June 23, 2026, 5 min read

Gary Duarte

how to brief a product launch agency

A CMO sits down on a Monday morning with a blank document and a brief to write. The product launches in four months. The exec team wants a date in the diary. Two agencies have already been mentioned in passing. The brief needs to go out by Friday. The question now is what to actually put in it, what to leave out, and how to write something that produces good proposals rather than three versions of the same competent, unremarkable idea. This article is for that CMO, and it is part of the full B2B launch event playbook.

Direct Answer

A strong launch event brief is short, structured around five sections (problem, audience, outcome, constraint, decision process), and clear on outcome while leaving solution open. The most common brief failure is over-specification, naming the format, the venue or the running order, which closes down the agency’s strongest thinking. The best briefs give agencies room to bring a point of view while removing ambiguity on what success looks like.

At a glance

  • The brief is strategic work, not paperwork.
  • Five sections: problem, audience, outcome, constraint, decision process.
  • Be clear on outcome and constraint; be open on solution.
  • The success metric is the most under-written section in most briefs.
  • A 5-page brief beats a 60-page brief almost every time.

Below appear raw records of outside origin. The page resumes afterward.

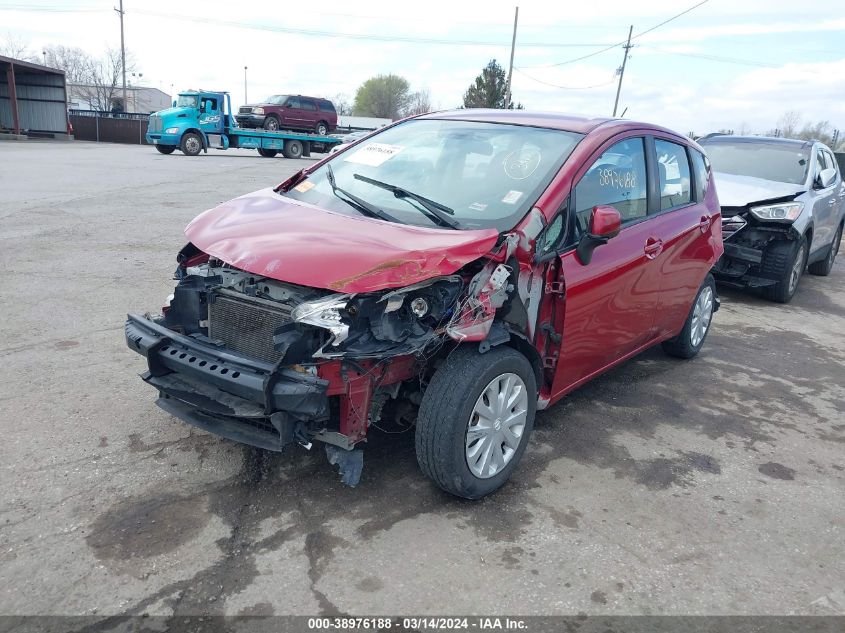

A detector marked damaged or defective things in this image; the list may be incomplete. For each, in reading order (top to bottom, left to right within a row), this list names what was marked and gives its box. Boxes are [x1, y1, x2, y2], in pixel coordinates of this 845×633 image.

crumpled car hood [183, 188, 502, 294]
crumpled car hood [712, 170, 804, 207]
damaged front end [712, 196, 804, 288]
red damaged hatchback car [123, 112, 720, 498]
damaged front end [127, 241, 520, 484] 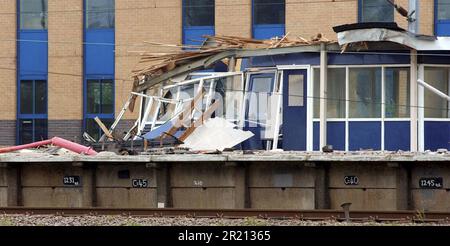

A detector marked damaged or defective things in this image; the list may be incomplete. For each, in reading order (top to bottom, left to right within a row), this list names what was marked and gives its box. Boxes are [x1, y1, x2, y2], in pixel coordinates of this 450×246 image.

damaged structure [94, 23, 446, 154] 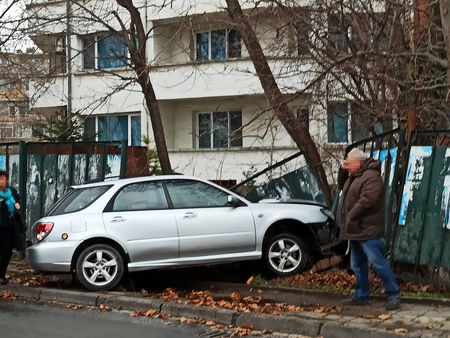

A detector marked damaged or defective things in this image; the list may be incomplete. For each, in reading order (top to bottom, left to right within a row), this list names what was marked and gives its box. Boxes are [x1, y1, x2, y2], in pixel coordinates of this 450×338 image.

crashed car [26, 174, 340, 290] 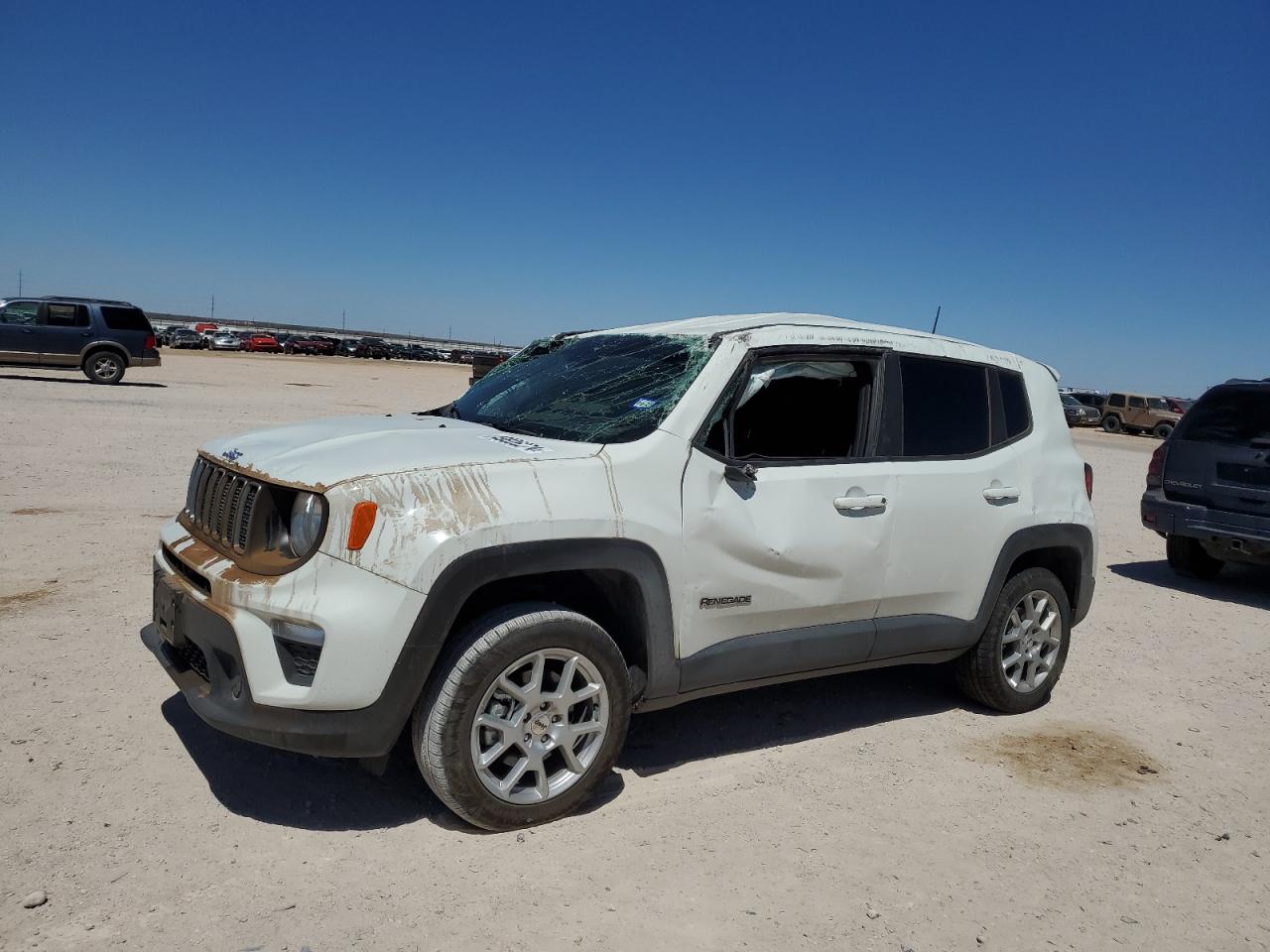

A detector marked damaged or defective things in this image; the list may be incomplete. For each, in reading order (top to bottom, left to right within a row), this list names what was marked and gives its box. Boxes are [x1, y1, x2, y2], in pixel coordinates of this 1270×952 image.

shattered windshield [444, 332, 715, 446]
damaged white suv [144, 310, 1096, 827] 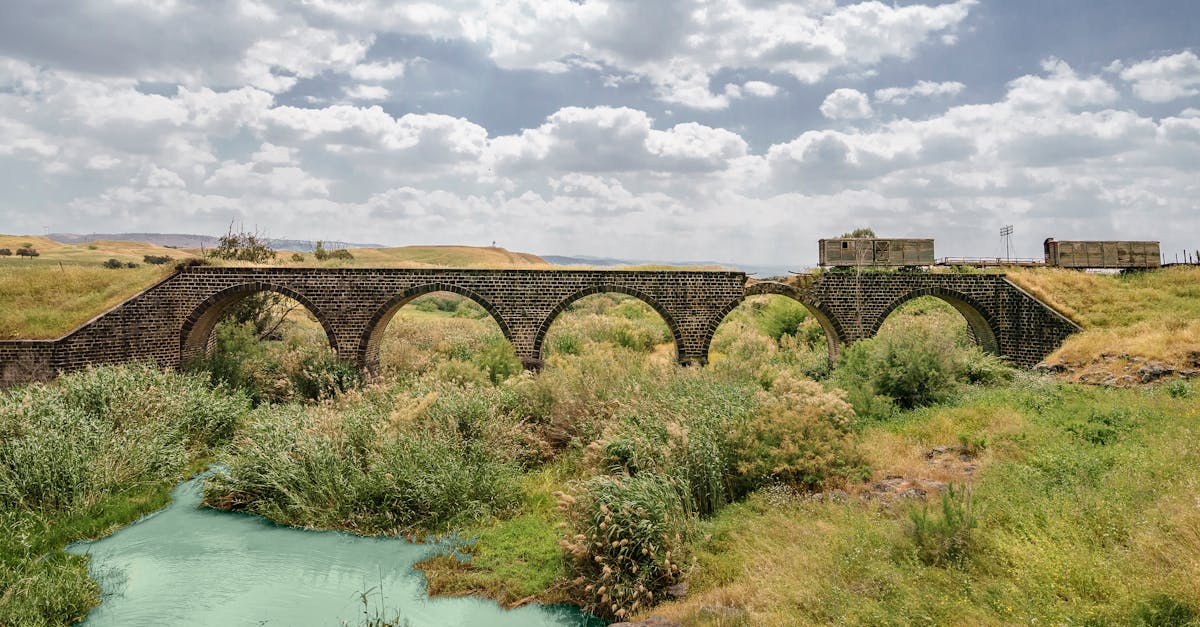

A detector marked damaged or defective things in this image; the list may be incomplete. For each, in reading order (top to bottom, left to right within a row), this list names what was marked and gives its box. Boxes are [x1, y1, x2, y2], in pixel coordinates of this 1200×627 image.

rusty train car [816, 236, 936, 265]
rusty train car [1046, 237, 1156, 266]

Why most launch event briefs produce mediocre proposals

There are two failure patterns, and they pull in opposite directions.

The first is the vague brief. It says the product launches in March, the audience is “customers and prospects”, the budget is “competitive”, and the outcome is “drive awareness and generate leads”. It gives the agency nowhere to anchor. Without a clear commercial picture, the agency defaults to a standard template, plus a creative theme designed to sound differentiated. Three agencies write three versions of the same proposal. The CMO reads them and cannot tell the difference, because there is no real difference. The selection becomes a beauty contest based on slide design and meeting chemistry, not strategic fit.

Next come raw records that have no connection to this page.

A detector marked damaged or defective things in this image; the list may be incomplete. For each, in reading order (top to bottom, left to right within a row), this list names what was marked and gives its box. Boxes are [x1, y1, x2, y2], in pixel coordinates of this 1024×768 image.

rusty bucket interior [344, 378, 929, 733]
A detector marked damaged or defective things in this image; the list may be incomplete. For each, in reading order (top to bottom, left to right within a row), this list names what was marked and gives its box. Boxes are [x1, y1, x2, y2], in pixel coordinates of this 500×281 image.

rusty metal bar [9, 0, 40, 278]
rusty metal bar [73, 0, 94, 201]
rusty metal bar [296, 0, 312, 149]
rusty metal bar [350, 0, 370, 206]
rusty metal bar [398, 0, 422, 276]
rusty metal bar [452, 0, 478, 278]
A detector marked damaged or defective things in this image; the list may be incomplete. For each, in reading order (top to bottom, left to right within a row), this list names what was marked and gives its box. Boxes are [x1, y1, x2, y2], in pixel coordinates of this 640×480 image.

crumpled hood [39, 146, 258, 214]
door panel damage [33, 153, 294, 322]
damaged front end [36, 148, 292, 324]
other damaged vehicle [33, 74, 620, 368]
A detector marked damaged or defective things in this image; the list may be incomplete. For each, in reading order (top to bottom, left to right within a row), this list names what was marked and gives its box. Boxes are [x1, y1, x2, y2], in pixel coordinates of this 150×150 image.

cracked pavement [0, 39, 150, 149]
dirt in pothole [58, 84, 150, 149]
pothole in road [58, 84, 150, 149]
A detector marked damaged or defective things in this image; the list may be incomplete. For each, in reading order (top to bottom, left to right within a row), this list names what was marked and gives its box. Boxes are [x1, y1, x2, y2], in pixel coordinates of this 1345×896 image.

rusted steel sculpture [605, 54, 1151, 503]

The second is the over-specified brief. It runs to forty pages. It names the venue. It includes a draft running order. It specifies an opening film, a keynote, two product demos and a networking dinner. It tells the agency the launch should “feel premium and innovative”. By the time the agency reads page fifteen, the event has already been designed. The only job left is producing it. Strong creative agencies disengage from briefs like this because there is no real thinking to do. The agencies that respond are usually the ones happy to execute someone else’s plan, which is a different proposition entirely.

Both patterns produce mediocre proposals because both remove the conditions agencies need to do good work. The vague brief removes the commercial frame. The over-specified brief removes the creative remit. The brief you want to write sits between these two failures, and most of the article from here is about how to occupy that middle ground.

 

“The best launch briefs we see are short, specific on outcome, and silent on format. They tell us what the next ninety days of the business look like and let us bring the idea.”

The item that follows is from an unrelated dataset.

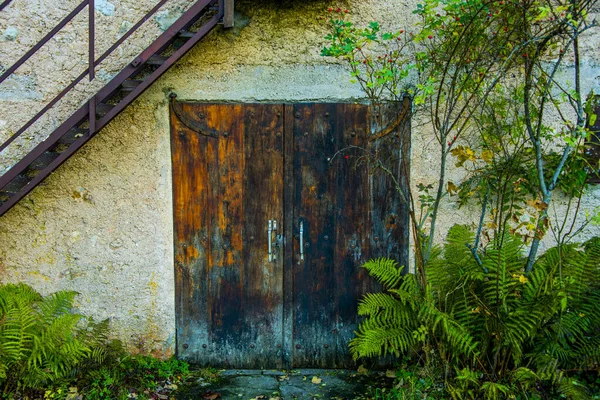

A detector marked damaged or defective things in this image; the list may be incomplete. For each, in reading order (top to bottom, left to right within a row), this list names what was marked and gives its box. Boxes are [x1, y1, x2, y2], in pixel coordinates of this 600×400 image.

rusty metal staircase [0, 0, 234, 217] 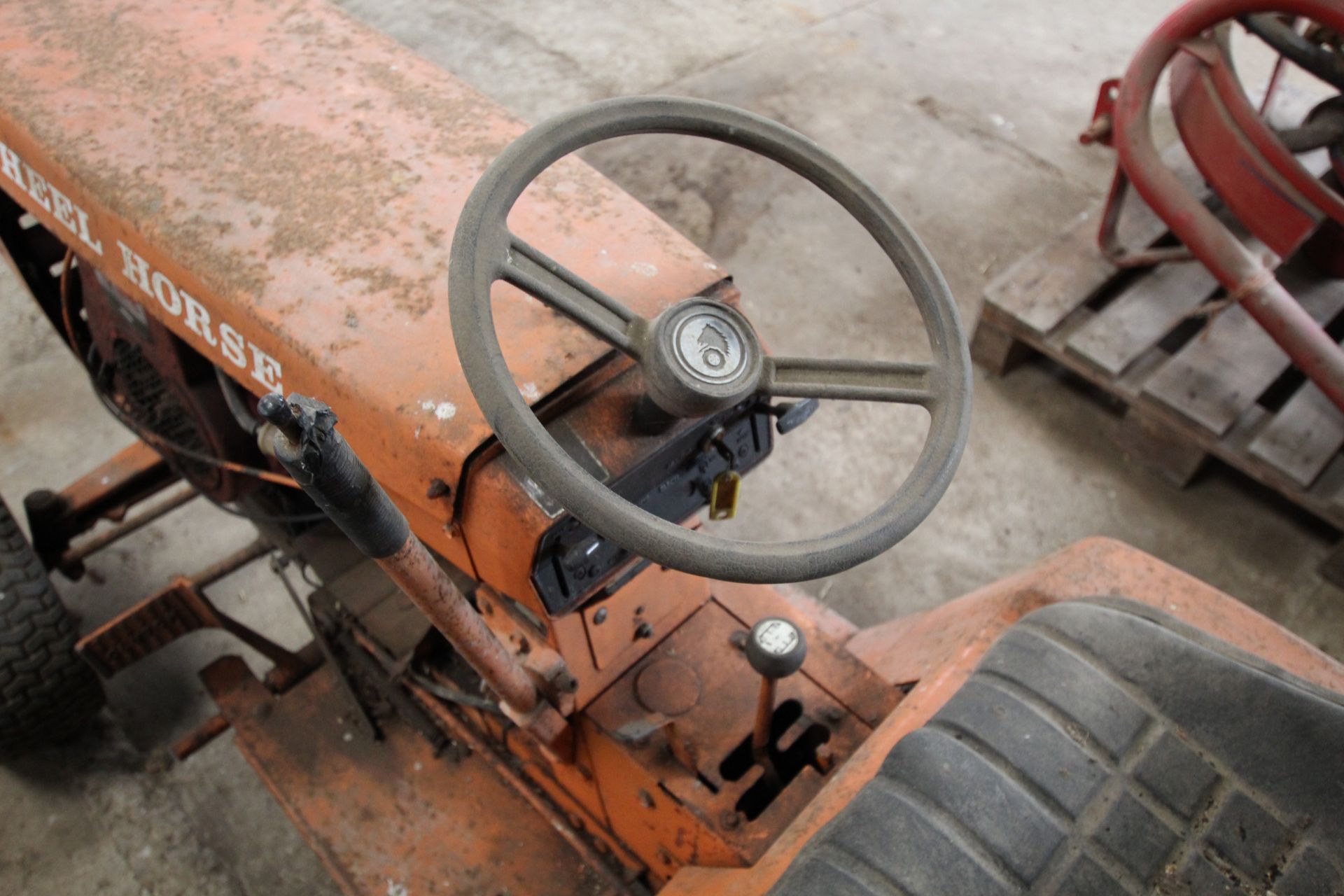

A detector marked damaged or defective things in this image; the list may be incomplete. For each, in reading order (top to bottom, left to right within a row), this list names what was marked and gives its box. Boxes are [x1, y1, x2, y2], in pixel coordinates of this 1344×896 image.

rusty orange paint [0, 0, 725, 575]
rusty orange paint [666, 540, 1344, 896]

Matthew Strange, Creative Director, MGN Events

A small note on positioning before we go further. MGN Events welcomes briefs structured this way. If you are running a competitive process, the framework below is the one we hope buyers use, because it produces proposals worth comparing. If you also want guidance on how the agency-side process runs, our pages on product launch events and event management cover what good response looks like.

What should a launch event brief actually contain?

Forget templates downloaded from procurement portals or general agency-brief guides written for advertising pitches. Launch events are a specific category, with their own commercial geometry, and the brief needs to reflect that. The framework that works has five sections, each doing a different job. Together they give the agency enough to think with, and enough to push back on, without telling them what to design.

The five sections are the problem, the audience, the outcome, the constraint, and the decision process. The rest of the article walks through each one, what good looks like, what to leave out, and how to handle the parts that buyers most often get wrong. The structure here sits inside a broader category of brand and marketing events, and elements of the framework apply to other formats, but the emphasis is specifically on launches.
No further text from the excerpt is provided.